I've seen a couple of Hyper-V installations, but I'm pretty sure I haven't
seen one running linux clients (despite the code MS put into the kernel). I'm
sure they exist - but for now Hyper-V is just a pure-MS play (and still behind
VMWare at that).

Don't forget - MS really take a few iterations before their products begin to
shine. The X360 (barring H/W issues) is a really nice piece of kit, Office
took a few versions but by 5/6 was really pretty good. Windows 3.1 was when
Windows started to work (although really you could declare that at a major
release later 95). And XP SP2 And Vista SP2 (aka Win7) were when the OS really
started to shine. Bottom line - Don't count MS out when they really put their
mind to something.

------
thorax
It's hard to see VMWare's strategy on this, but here's my guess:

Maybe they've actually got some finance guys looking at their P/E which is in
the 70 range. So they're probably using their premium stock price as a good
way to pick up some bargains while their core business revenue is slowing down
with the rest of the economy (and with tough competition).

In my mind, it makes me think that they worry about (or are at least are
hedging against) their core market being eroded by other players. If they did
believe it was VM/VDI for the long haul, then they'd be investing in
technologies with far better synergies than the ones they're picking. I mean
"cloud" technologies pretty much applies to anything these days, so it'd be a
stretch to say these are really "good fit" acquisitions.

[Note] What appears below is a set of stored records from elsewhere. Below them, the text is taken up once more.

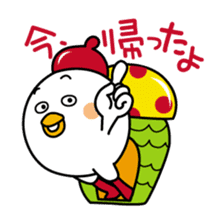 Tot of chicken 5 /Japanese version sticker #3888232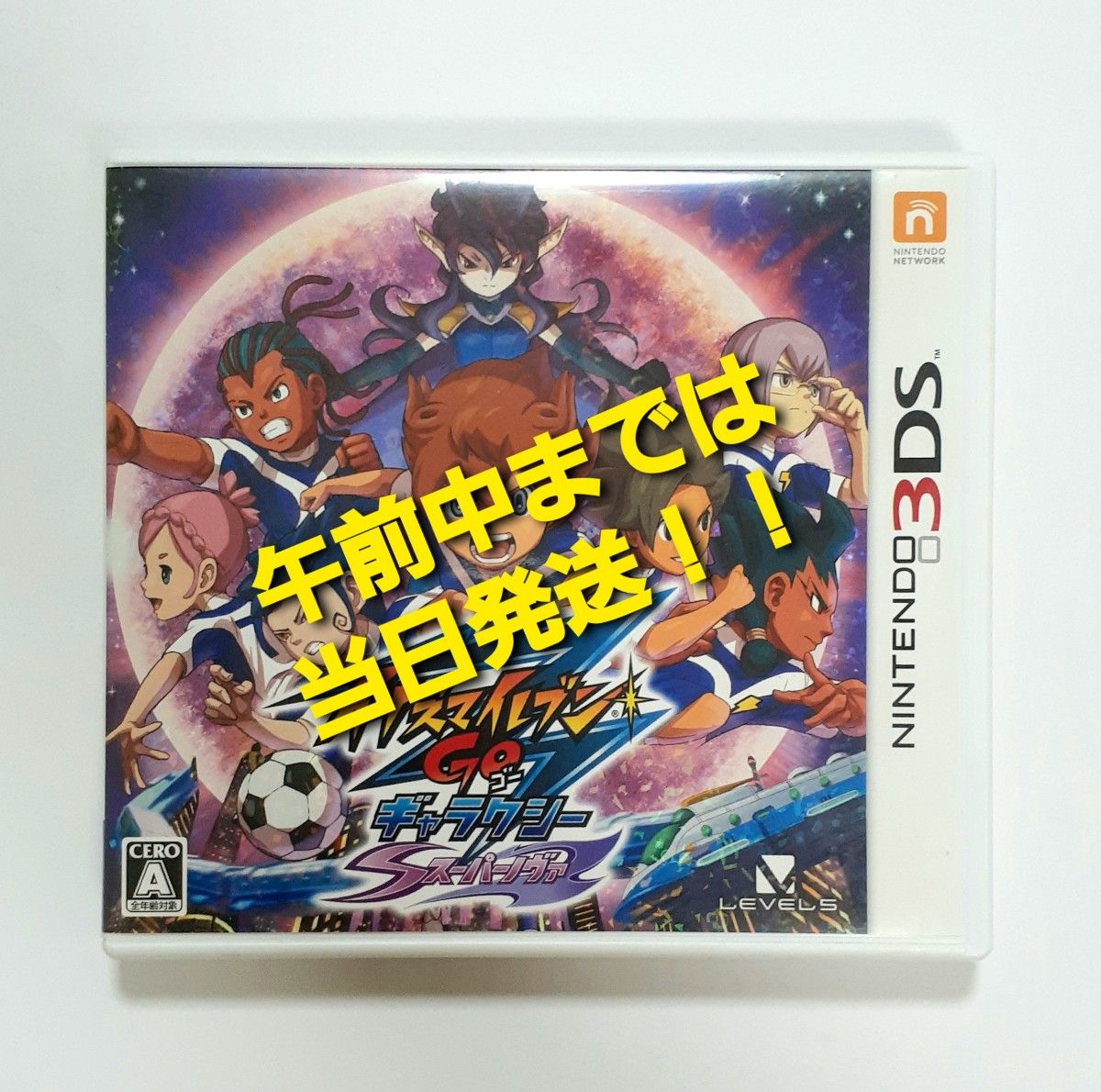 本物保証! 3DS】 [スーパーノヴァ ギャラクシー イナズマイレブンGO ニンテンドー3DS専用ソフト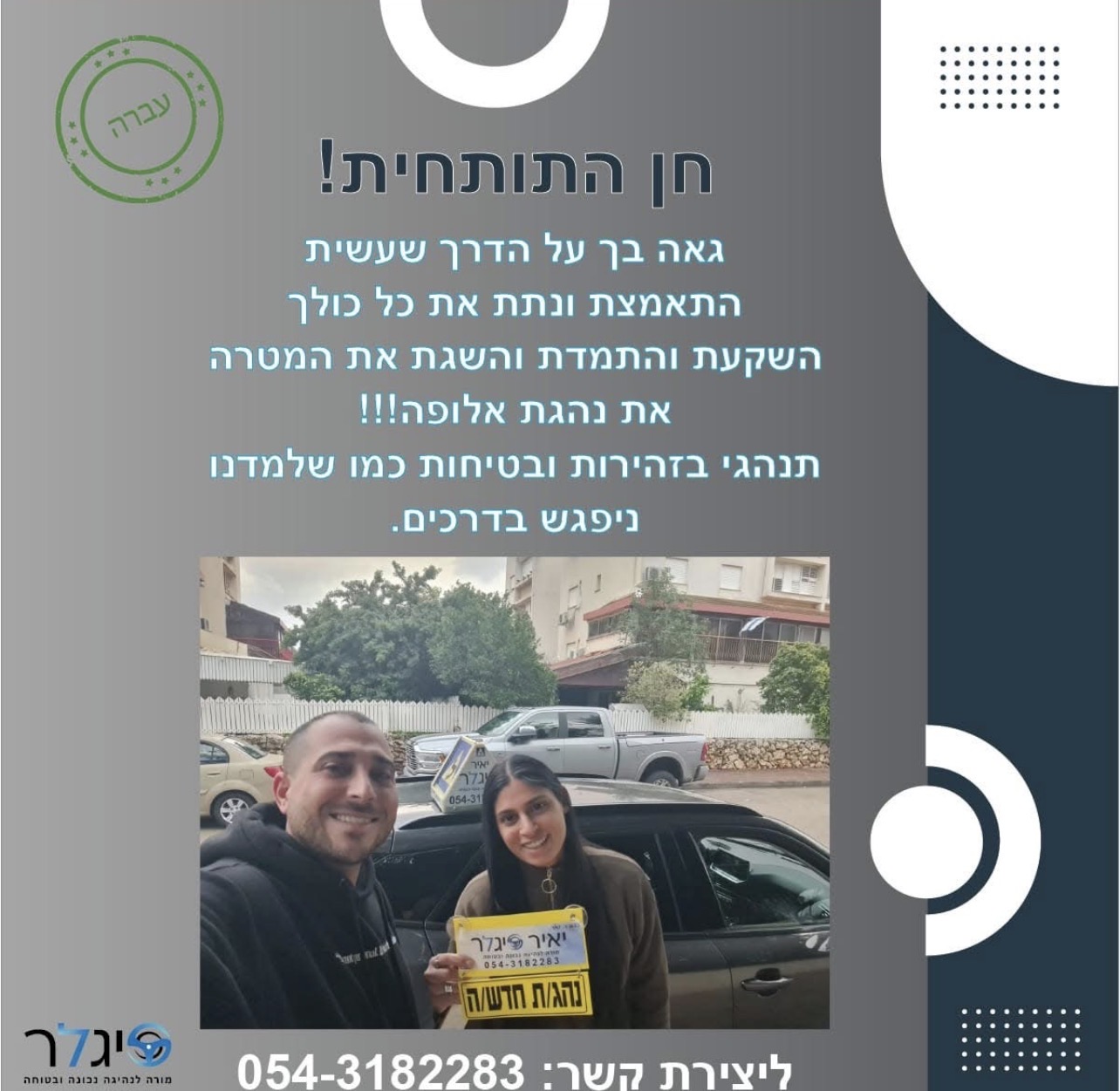 חן התותחית - בוגרת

I have a feeling this could work out okay for VMWare, though it feels more
like a business play than a technology one.

------
aditya
Hm... yahoo shedding some fat or is it a firesale?

------
mediaman
Good news, in my opinion -- back when MSFT was courting Yahoo many were
concerned Zimbra would get shut down in the aftermath.

------
lanstein
see also <http://news.ycombinator.com/item?id=1048787>

------
eli
Perhaps it was to acquire the engineers?